_Exercise_
Nothing outside the lines below from the one containing "Thanks to the" through the one containing "Vintage Vanity Lighting" is to be printed; print those exactly, ends included, and drop the pictures.

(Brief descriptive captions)
**********
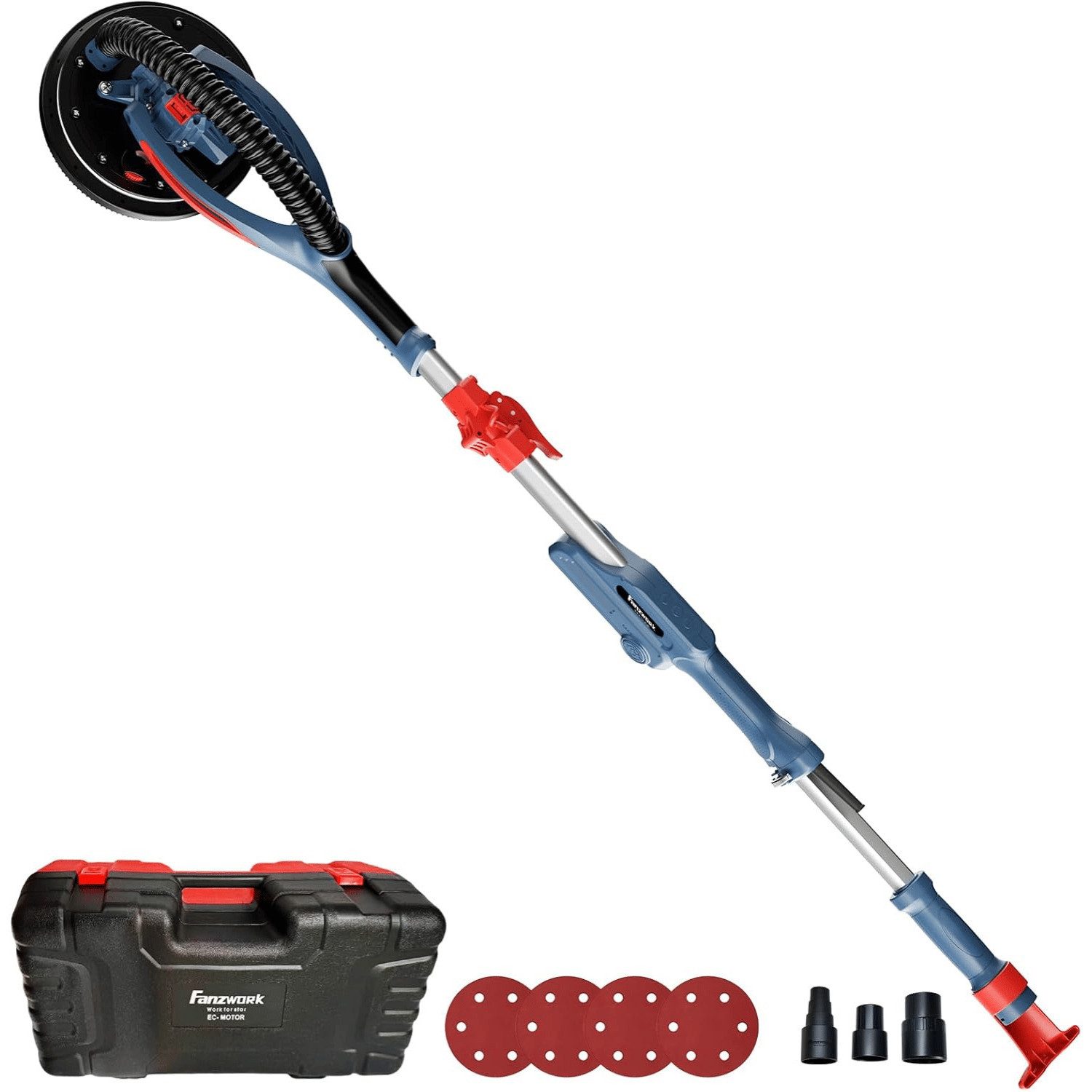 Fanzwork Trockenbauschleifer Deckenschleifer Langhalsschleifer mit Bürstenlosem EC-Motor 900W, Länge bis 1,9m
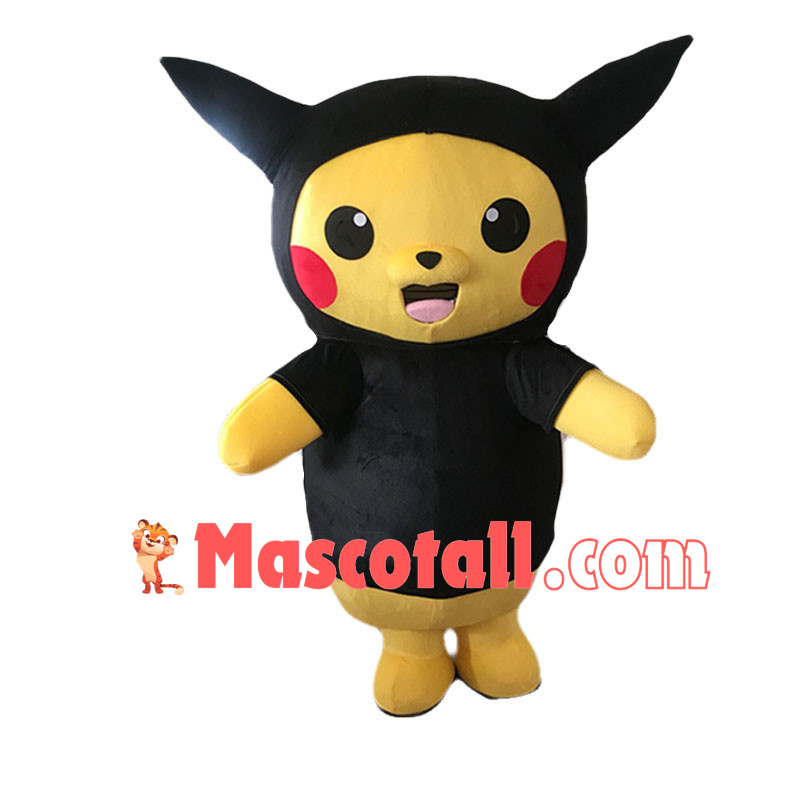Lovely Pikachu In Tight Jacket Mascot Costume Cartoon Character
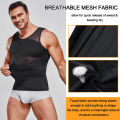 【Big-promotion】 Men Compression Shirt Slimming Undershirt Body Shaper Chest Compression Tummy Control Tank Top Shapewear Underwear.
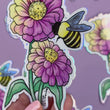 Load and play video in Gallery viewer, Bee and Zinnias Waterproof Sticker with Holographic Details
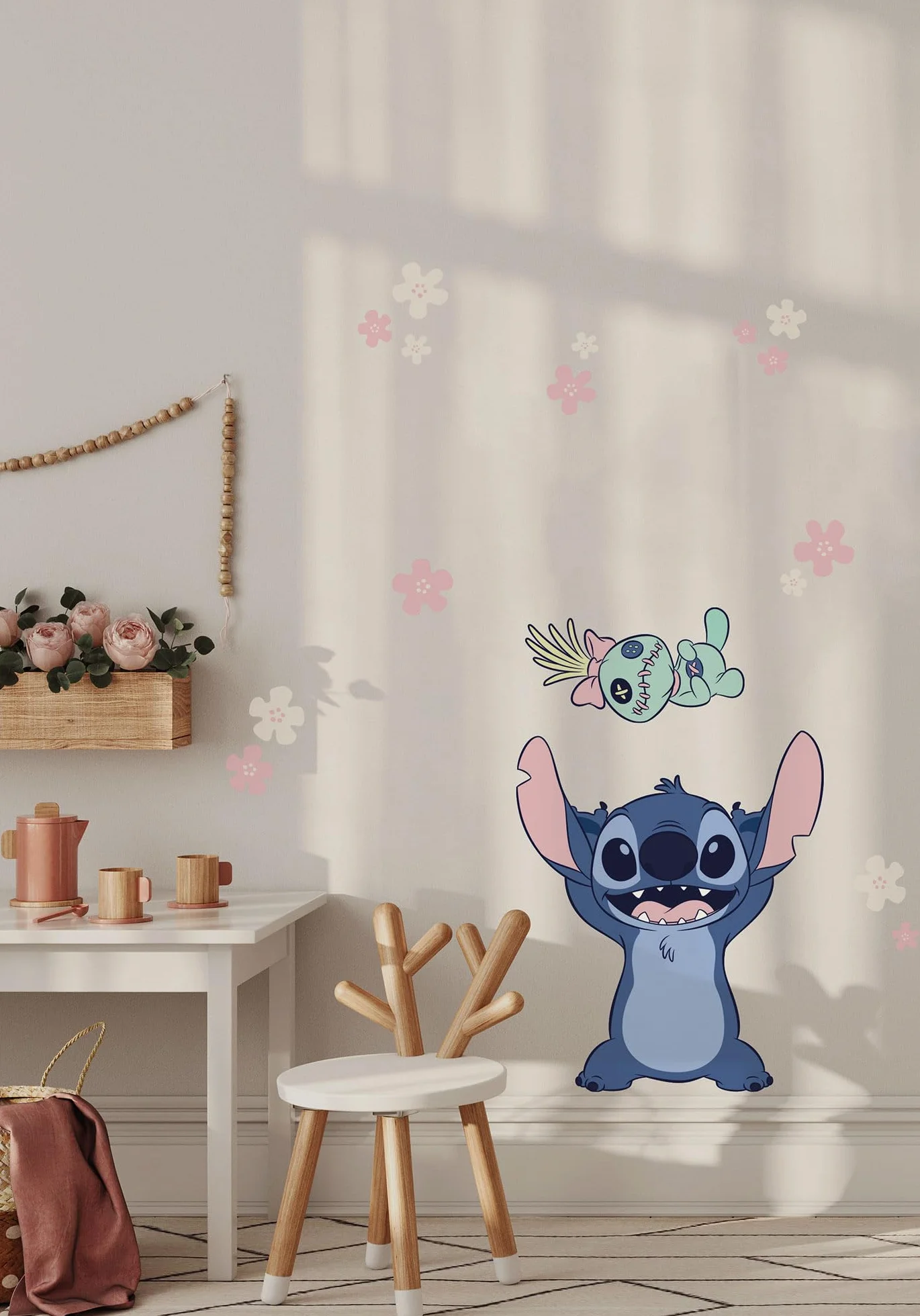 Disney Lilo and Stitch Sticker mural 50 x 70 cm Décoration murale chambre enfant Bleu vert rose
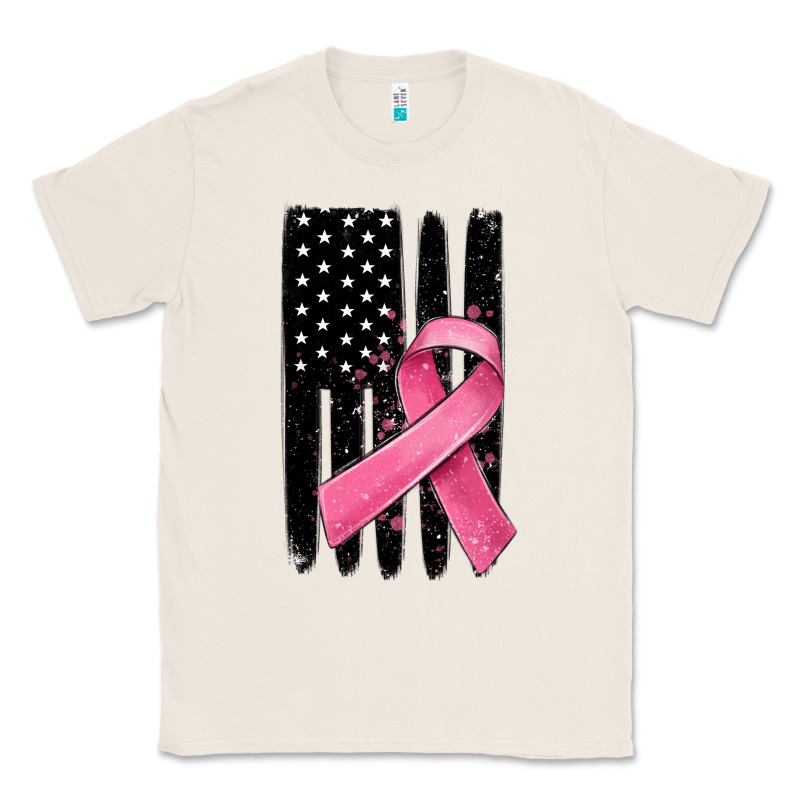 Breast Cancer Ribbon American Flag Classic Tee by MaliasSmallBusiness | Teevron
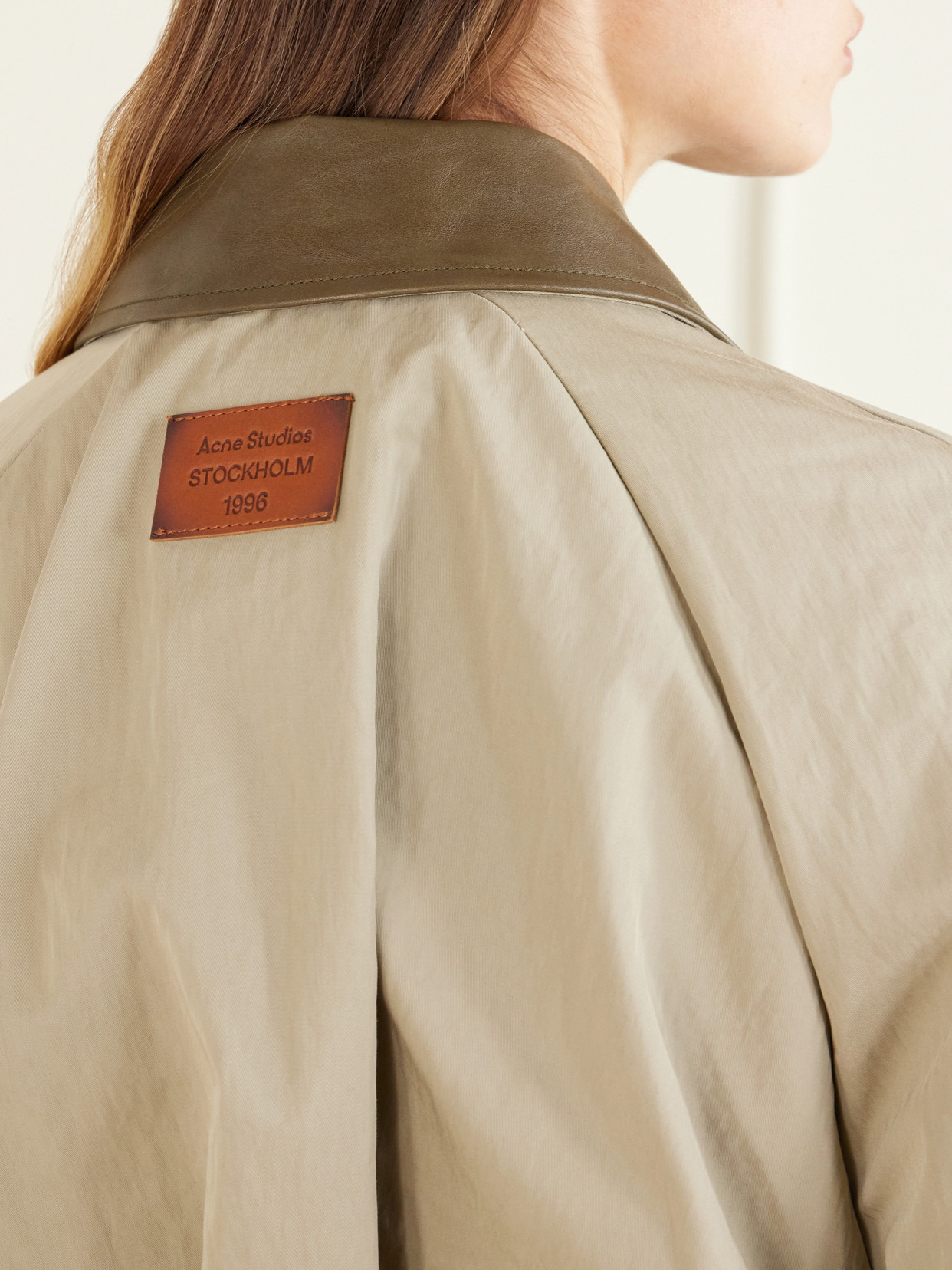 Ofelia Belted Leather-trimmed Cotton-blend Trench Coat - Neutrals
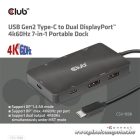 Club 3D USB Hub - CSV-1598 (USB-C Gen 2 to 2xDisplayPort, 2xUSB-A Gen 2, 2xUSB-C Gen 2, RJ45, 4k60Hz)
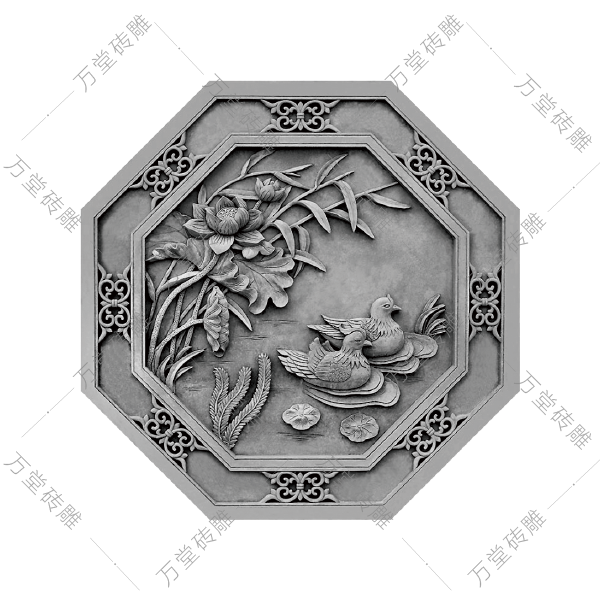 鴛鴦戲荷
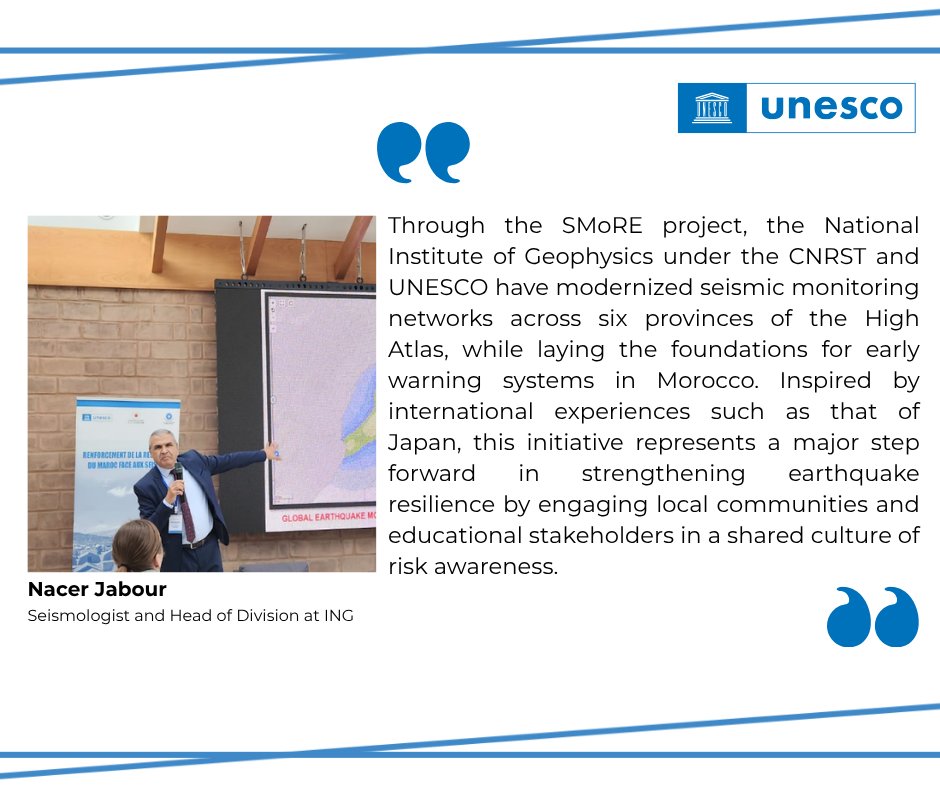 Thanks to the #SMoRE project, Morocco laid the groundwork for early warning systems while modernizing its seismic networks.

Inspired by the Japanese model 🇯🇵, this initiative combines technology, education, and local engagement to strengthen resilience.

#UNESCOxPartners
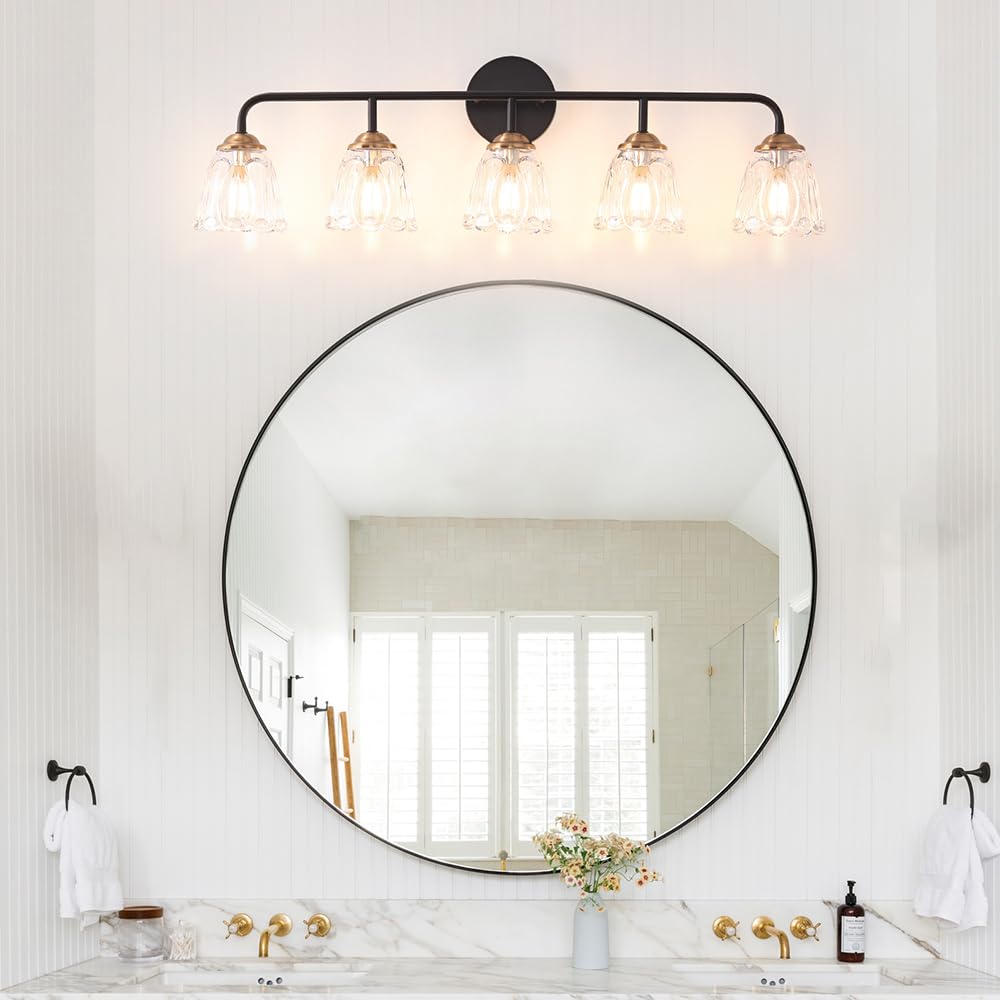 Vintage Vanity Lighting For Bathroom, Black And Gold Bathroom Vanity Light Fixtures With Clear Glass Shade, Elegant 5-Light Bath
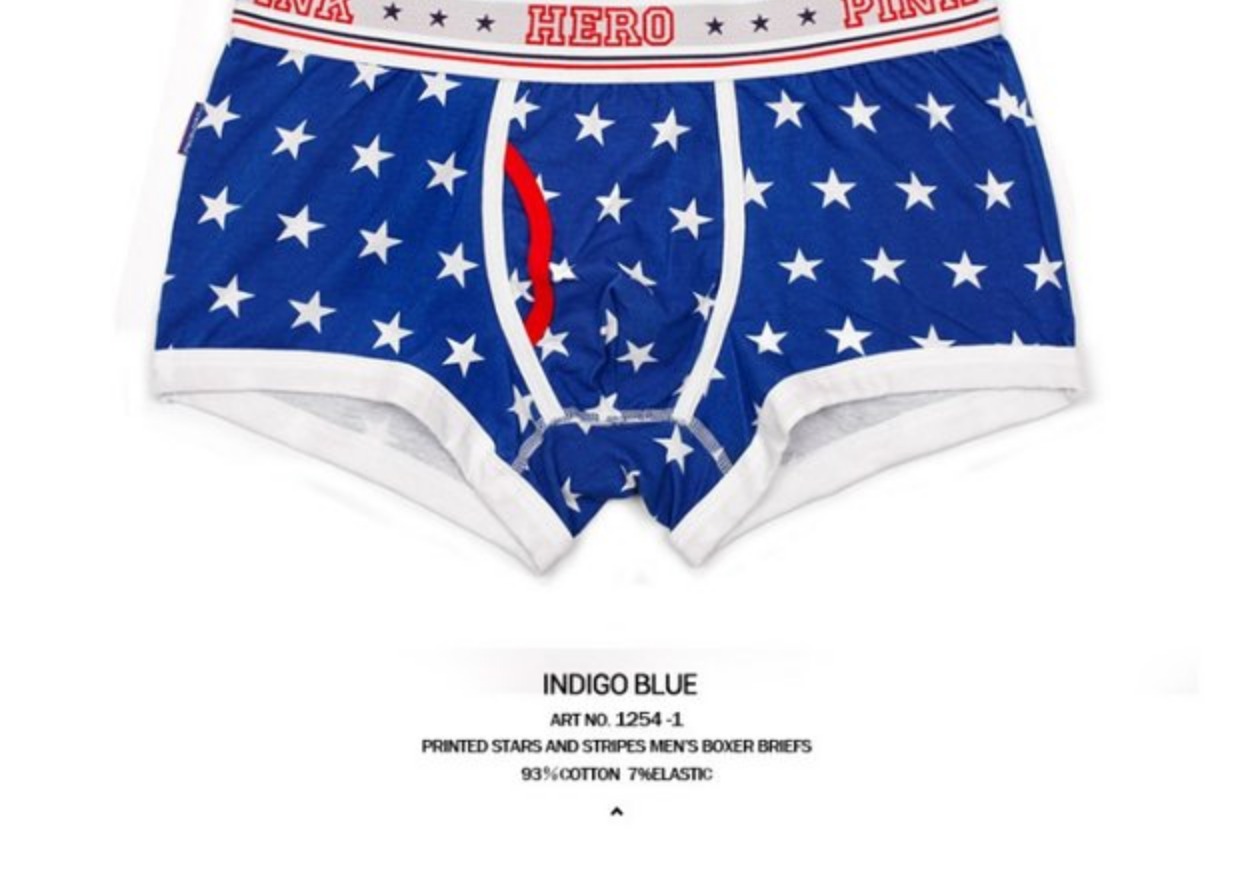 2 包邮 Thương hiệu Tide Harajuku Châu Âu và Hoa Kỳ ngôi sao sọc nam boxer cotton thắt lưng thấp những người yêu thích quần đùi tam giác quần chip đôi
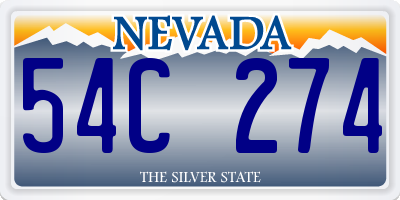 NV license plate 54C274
**********
_Output below_
 Thanks to the #SMoRE project, Morocco laid the groundwork for early warning systems while modernizing its seismic networks.

Inspired by the Japanese model 🇯🇵, this initiative combines technology, education, and local engagement to strengthen resilience.

#UNESCOxPartners
 Vintage Vanity Lighting For Bathroom, Black And Gold Bathroom Vanity Light Fixtures With Clear Glass Shade, Elegant 5-Light Bath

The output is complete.